14.2.1 Distance between Clusters

The between-cluster distances are ultimately based on the distance between two points, which is typically computed using the Euclidean distance or \(L_2\) -norm, defined as

\[\lv\x-\y\rv=\bigg(\sum_{i=1}^d(x_i-y_i)^2\bigg)^{1/2}\]

Single Link

Given two clusters \(C_i\) and \(C_j\), the distance between them, denoted \(\delta(C_i,C_j)\), is defined as the minimum distance between a point in \(C_i\) and a point in \(C_j\)

Note

\(\delta(C_i,C_j)=\min\{\lv\x-\y\rv|\x\in C_i,\y\in C_j\}\)

Complete Link

The distance between two clusters is defined as the maximum distance between a point in \(C_i\) and a point in \(C_j\):

Note

\(\delta(C_i,C_j)=\max\{\lv\x-\y\rv|\x\in C_i,\y\in C_j\}\)

Group Average

The distance between two clusters is defined as the average pairwise distance between points in \(C_i\) and \(C_j\):

Note

\(\dp\delta(C_i,C_j)=\frac{\sum_{\x\in C_i}\sum_{\y\in C_j}\lv\x-\y\rv}{n_i\cd n_j}\)

where \(n_i=|C_i|\) denotes the number of points in cluster \(C_i\).

Mean Distance

The distance between two clusters is defined as the distance between the means or centroids of the two clusters:

Note

\(\delta(C_i,C_j)=\lv\mmu_i-\mmu_j\rv\)

where \(\mmu_i=\frac{1}{n_i}\sum_{\x\in C_i}\x\).
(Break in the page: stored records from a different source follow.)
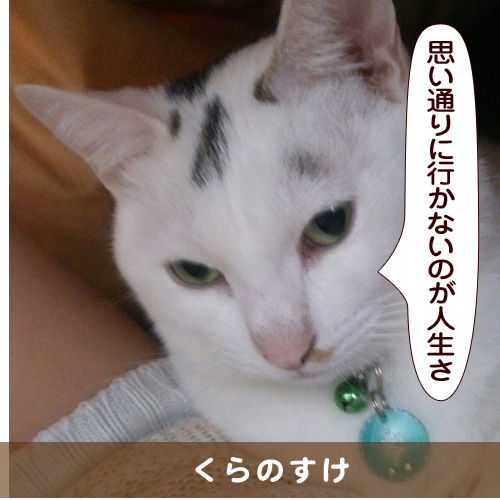 20150427_touko.jpg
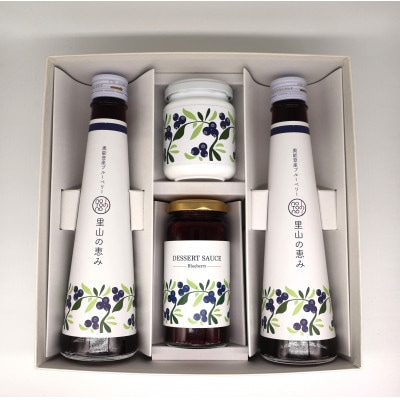 notono里山ブルーベリーセット(大)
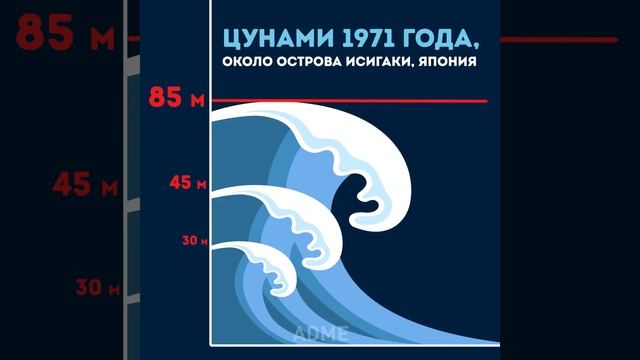 Цунами одна из смых опасных сил природы смотреть онлайн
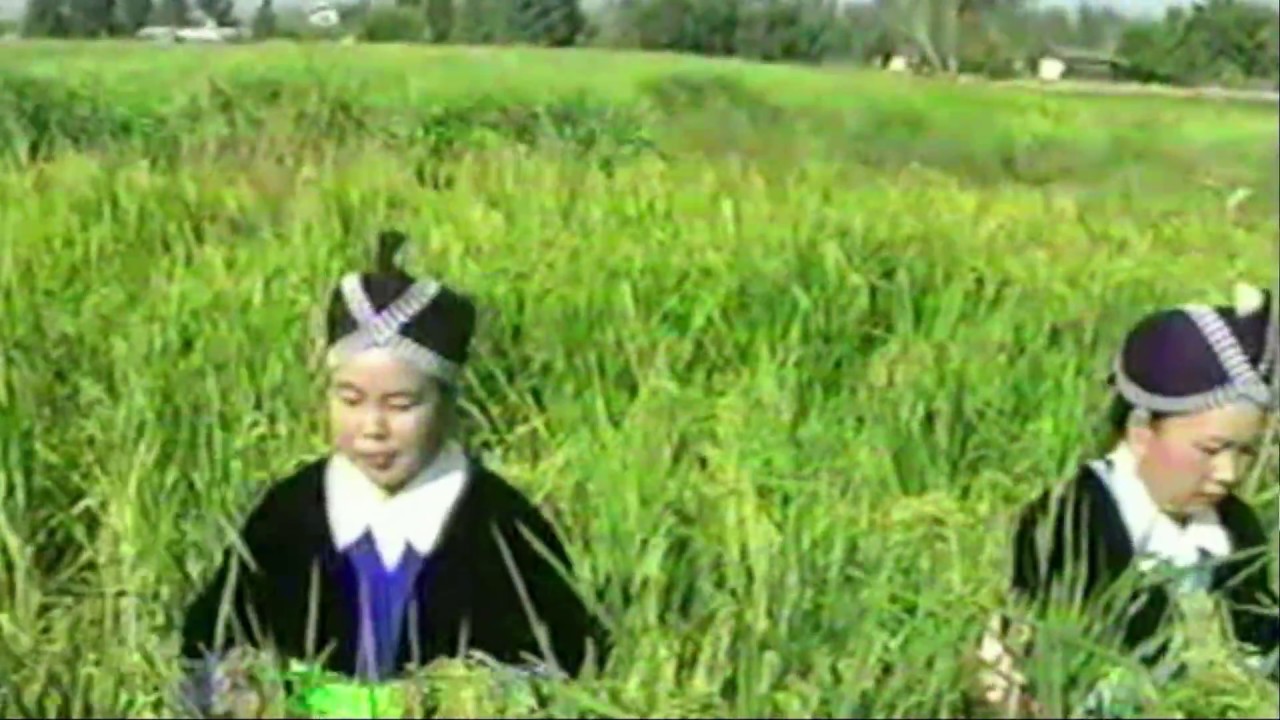 Tsabmim Vaj ua nyab kev deb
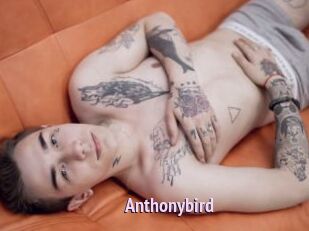 Anthonybird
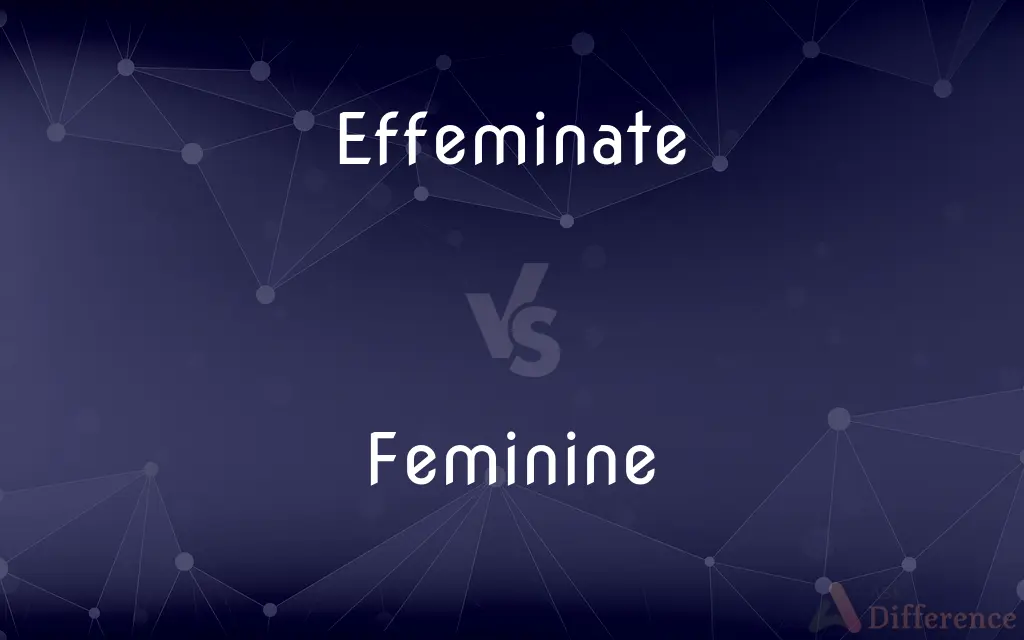 Effeminate vs. Feminine — What's the Difference?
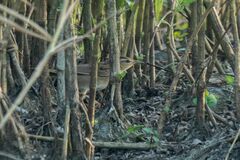 Helopsaltes certhiola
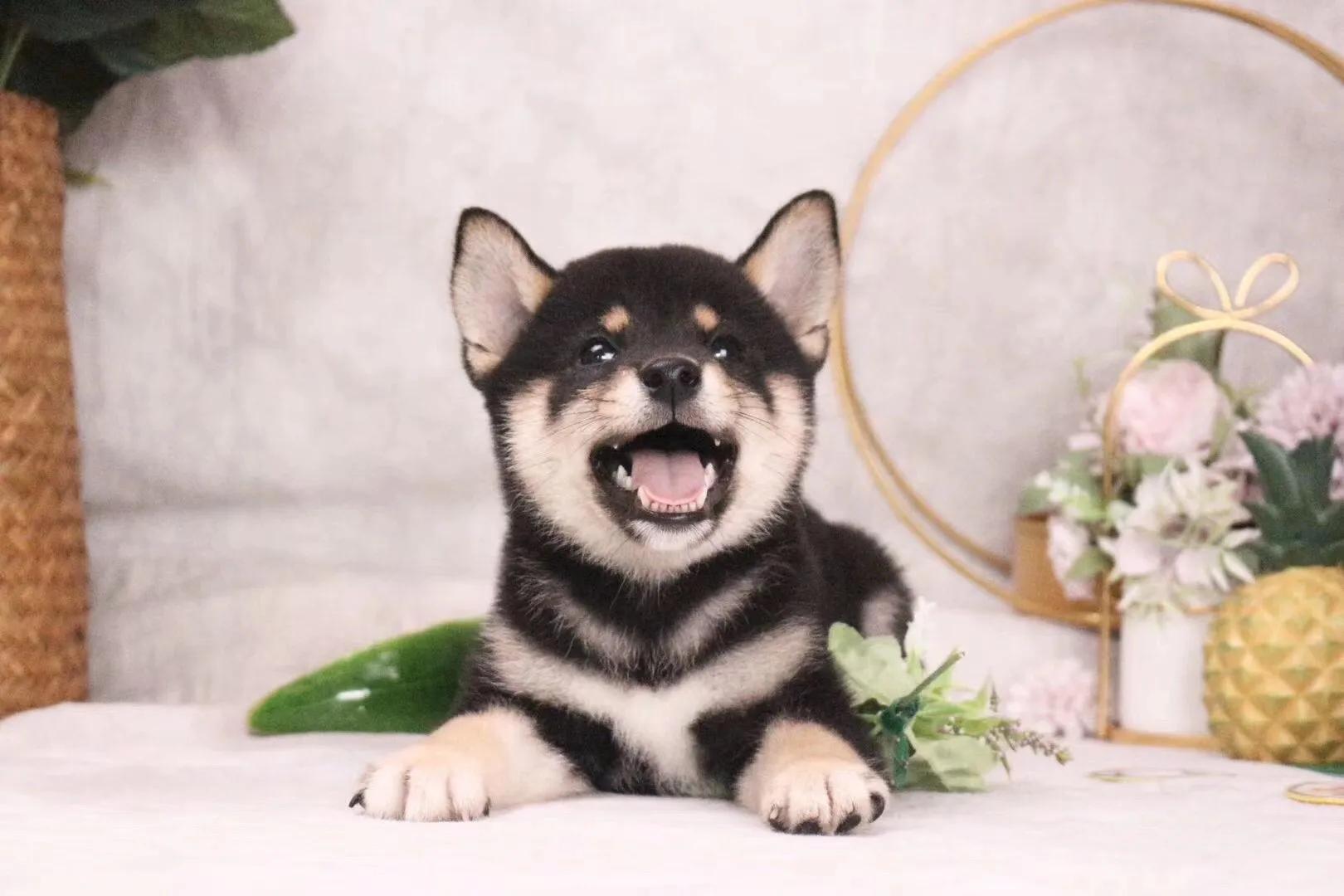 网上买柴犬被骗了怎么办,网上的柴犬是骗人的吗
Minimum Variance: Ward’s Method

The sum of a squared errors (SSE) for a given cluster \(C_i\) is given as

\[ \begin{align}\begin{aligned}SSE_i&=\sum_{\x\in C_i}\lv\x-\mmu_i\rv^2\\&=\sum_{\x\in C_i}\lv\x-\mmu_i\rv^2\\&=\sum_{\x\in C_i}\x^T\x-2\sum_{\x\in C_i}\x^T\mmu_i+\sum_{\x\in C_i}\mmu_i^T\mmu_i\\&=\bigg(\sum_{\x\in C_i}\x^T\x\bigg)-n_i\mmu_i^T\mmu_i\end{aligned}\end{align} \]

The SSE for a clustering \(\cl{C}=\{C_1,\cds,C_m\}\) is given as

\[SSE=\sum_{i=1}^mSSE_i=\sum_{i=1}^m\sum_{\x\in C_i}\lv\x-\mmu_i\rv^2\]

After simplification, we get

Note

\(\dp\delta(C_i,C_j)=\bigg(\frac{n_in_j}{n_i+n_j}\bigg)\lv\mmu_i-\mmu_j\rv^2\)

14.2.2 Updating Distance Matrix

Whenever two clusters \(C_i\) and \(C_j\) are merged into \(C_{ij}\), we need to update the distance matrix by recomputing the distances from the newly created cluster \(C_{ij}\) to all other clusters \(C_r\) (\(r \ne i\) and \(r \ne j\)). The Lance–Williams formula provides a general equation to recompute the distances for all of the cluster proximity measures we considered earlier; it is given as

Note

\(\delta(C_{ij},C_r)=\alpha_i\cd\delta(C_i,C_r)+\alpha_j\cd\delta(C_j,C_r)+\beta\cd\delta(C_i,C_j)+\gamma\cd|\delta(C_i,C_r)-\delta(C_j,C_r)|\)

The coefficients \(\alpha_i,\alpha_j,\beta\) and \(\gamma\) differ from one measure to another.

14.2.3 Computational Complexity

The computational complexity of hierarchical clustering is \(O(n^2\log n)\).